▸ **TASK**: Keep the images out and set the listing below down word for word.

▸ **EXERCISE INPUT**:

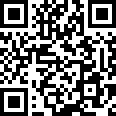 QRコード https://mirunuku.net/?cid=hhkl00018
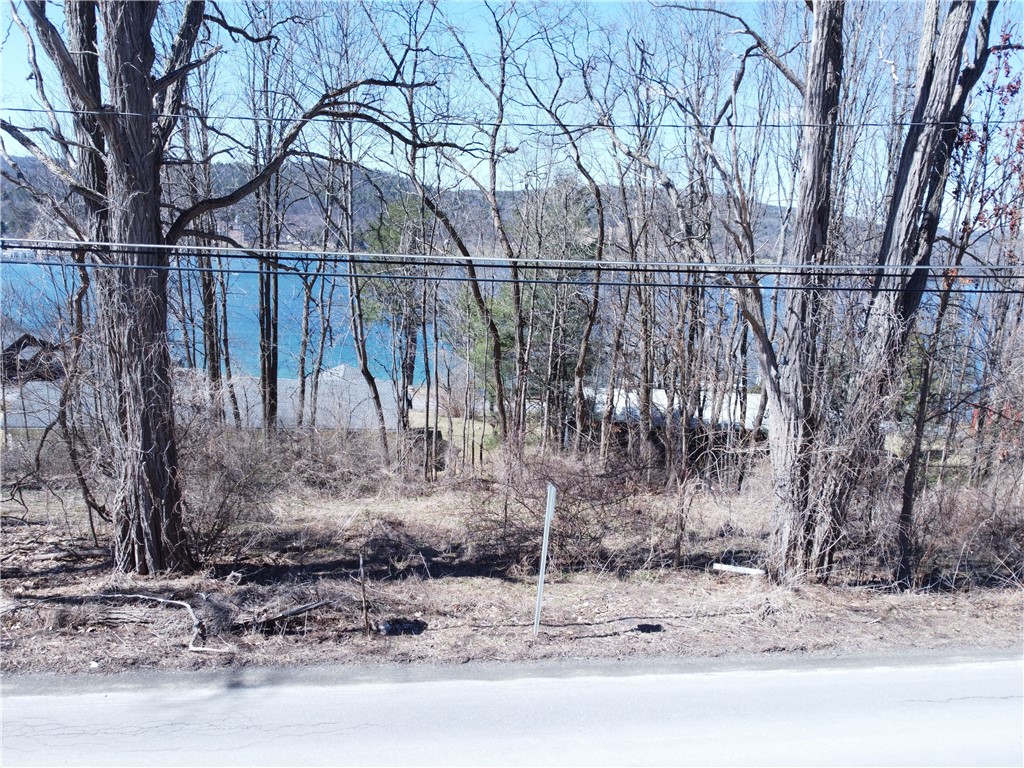 0 County Highway 31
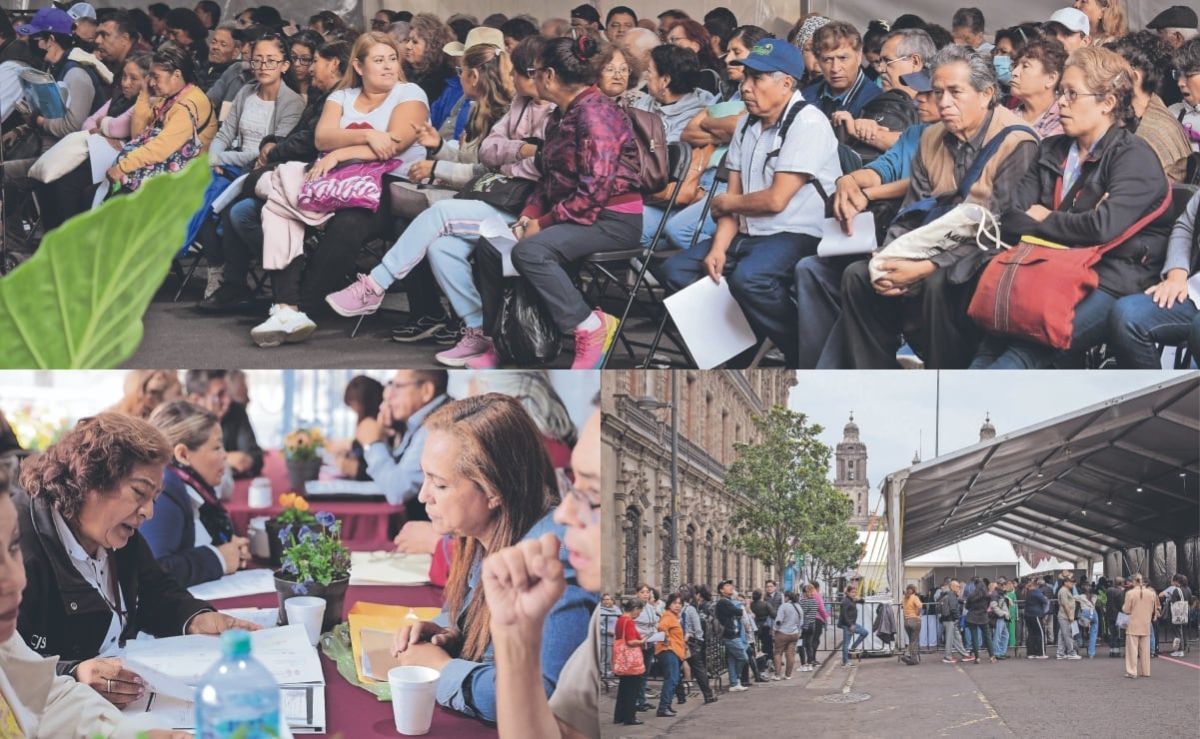 Familias-acuden-al-Zocalo-para-recibir-asesoria-por-posibles-casos-de-despojo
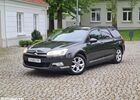 Ситроен С5, объемом двигателя 2 л и пробегом 221 тыс. км за 3866 $, фото 12 на Automoto.ua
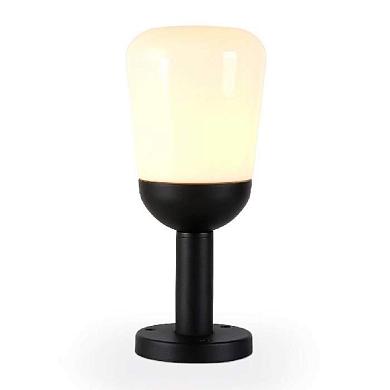 уличный светильник ambrella light garden st2087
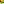 Destellos dst-3036101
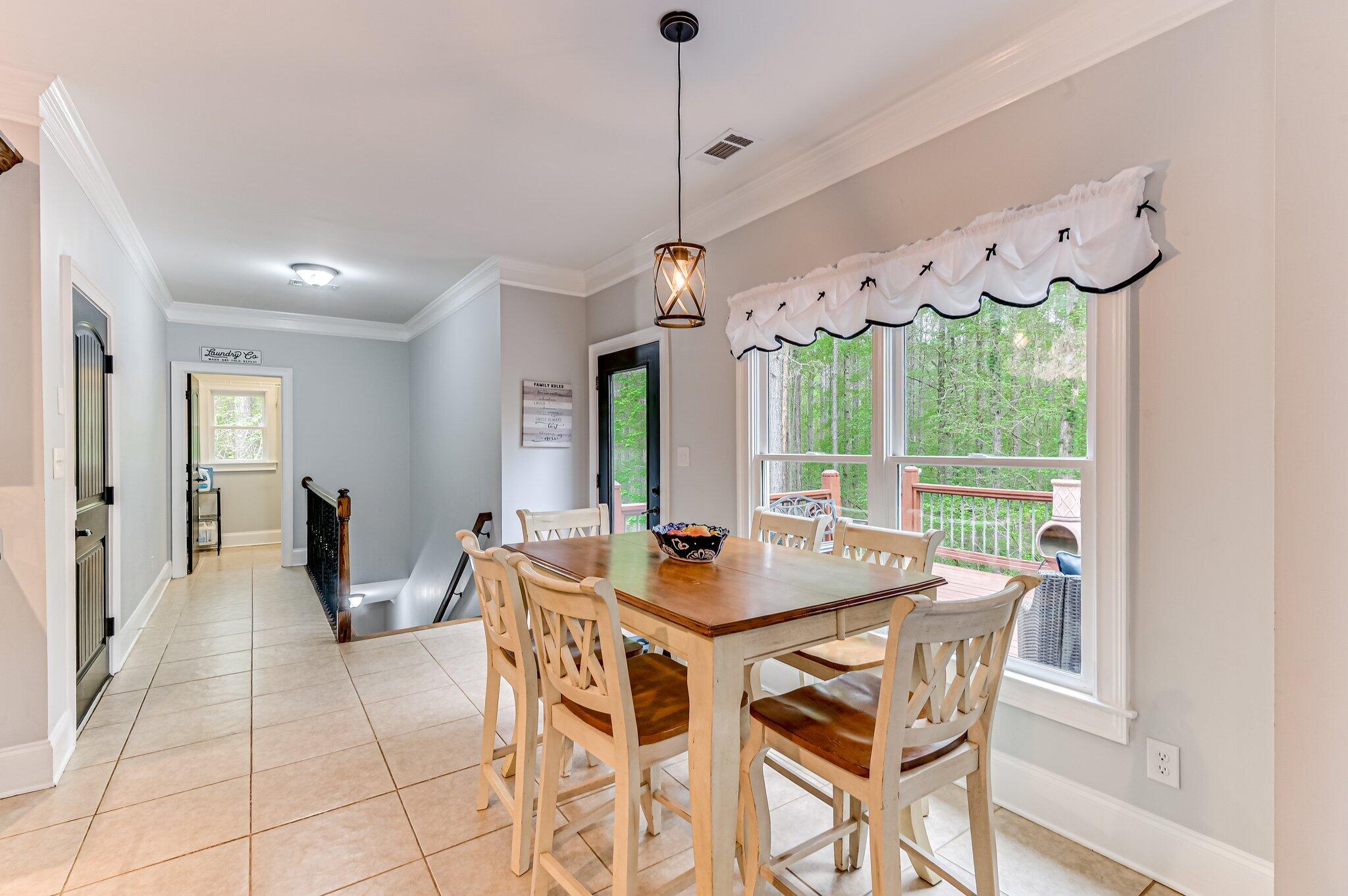 1067 Maiden Cane Way Property Photo 12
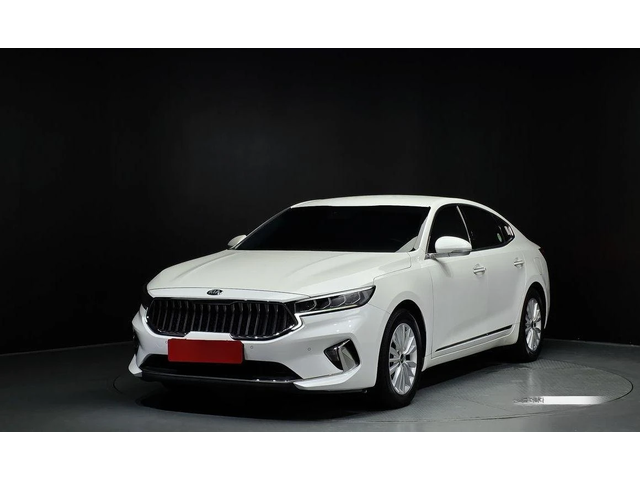 Kia K7 3.0 LPI Trendy * НАЙ-ДОБРА ЦЕНА В БЪЛГАРИЯ* - автомобили, коли, обяви за нови и употребявани 0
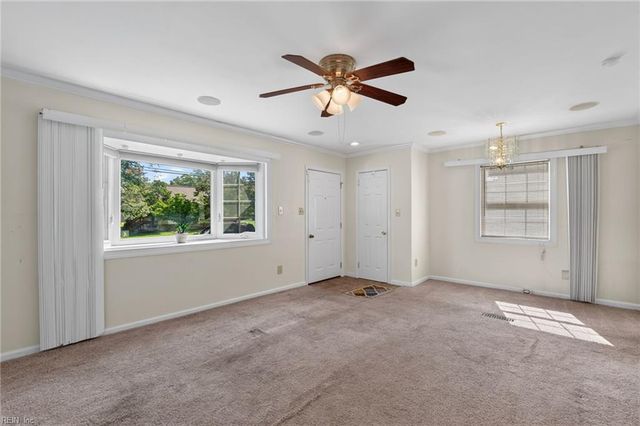 114 Drew RD, Williamsburg, VA 23185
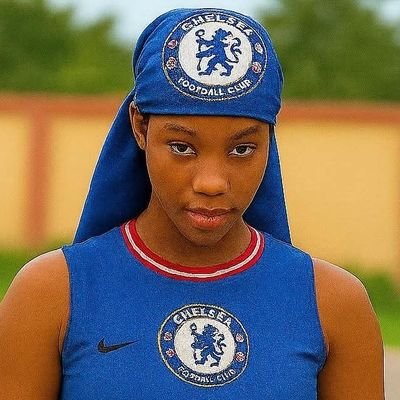 African beauty in pictures
@YoungAfricansSC @ChelseaFC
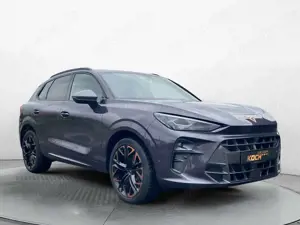 CUPRA Terramar VZ 1.5 e-HYBRID ACC*DCC*SHZ*Pano*Matrix Bild 5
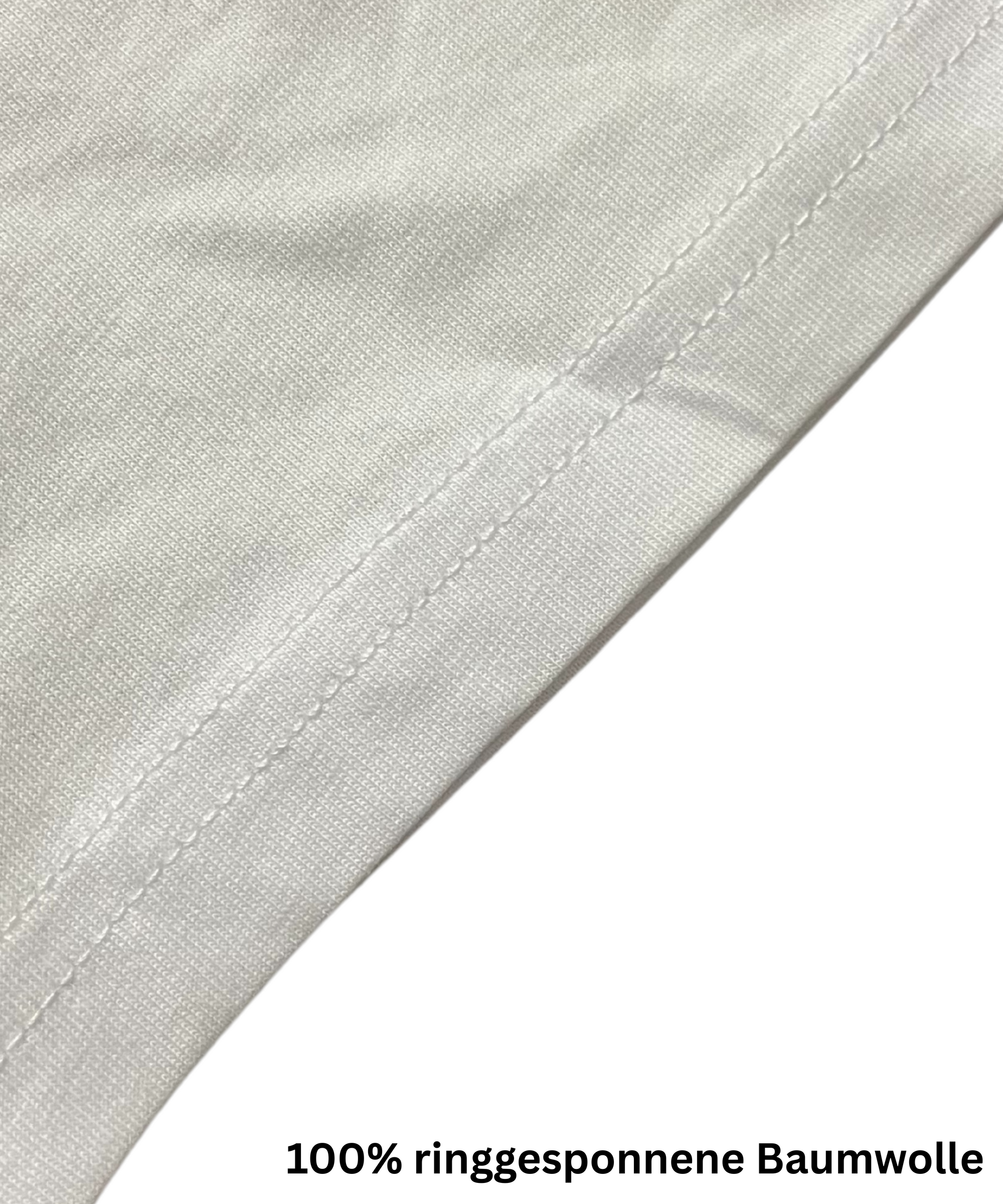 Kleiner Kümmel, Großes Herz Tee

▸ **RESULT OF THE EXERCISE**:
 QRコード https://mirunuku.net/?cid=hhkl00018
 0 County Highway 31
 Familias-acuden-al-Zocalo-para-recibir-asesoria-por-posibles-casos-de-despojo
 Ситроен С5, объемом двигателя 2 л и пробегом 221 тыс. км за 3866 $, фото 12 на Automoto.ua
 уличный светильник ambrella light garden st2087
 Destellos dst-3036101
 1067 Maiden Cane Way Property Photo 12
 Kia K7 3.0 LPI Trendy * НАЙ-ДОБРА ЦЕНА В БЪЛГАРИЯ* - автомобили, коли, обяви за нови и употребявани 0
 114 Drew RD, Williamsburg, VA 23185
 African beauty in pictures
@YoungAfricansSC @ChelseaFC
 CUPRA Terramar VZ 1.5 e-HYBRID ACC*DCC*SHZ*Pano*Matrix Bild 5
 Kleiner Kümmel, Großes Herz Tee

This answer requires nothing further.